The task:
Could the data below be printed out exactly, with the pictures left out?

Stored data:
# # # # #

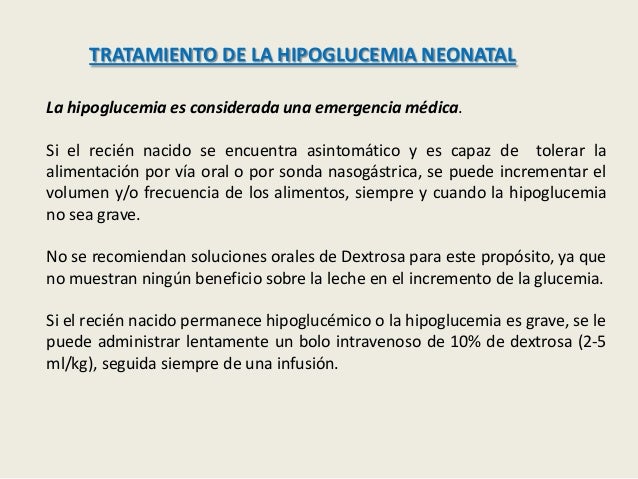 HIPERINSULINISMO CONGÉNITO E HIPOGLUCEMIA NEONATAL. HIPERINSULINISMO CONGÉNITO E HIPOGLUCEMIA NEONATAL.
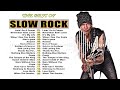 Slow rock ballads 70s 80s 90s * Bon Jovi,Scorpions,Metallica,Dave Winkler * Slow rock best songs❤️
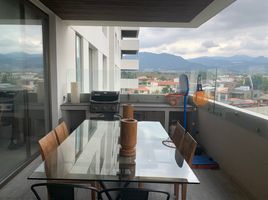 3 Schlafzimmer Appartement zu verkaufen in Naucalpan De Juarez, Mexico, Naucalpan De Juarez, Mexico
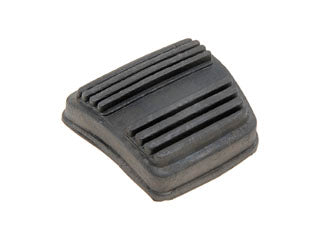 Pedal pad park brake pedal - MM20739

# # # # #

Written answer:
 HIPERINSULINISMO CONGÉNITO E HIPOGLUCEMIA NEONATAL. HIPERINSULINISMO CONGÉNITO E HIPOGLUCEMIA NEONATAL.
 Slow rock ballads 70s 80s 90s * Bon Jovi,Scorpions,Metallica,Dave Winkler * Slow rock best songs❤️
 3 Schlafzimmer Appartement zu verkaufen in Naucalpan De Juarez, Mexico, Naucalpan De Juarez, Mexico
 Pedal pad park brake pedal - MM20739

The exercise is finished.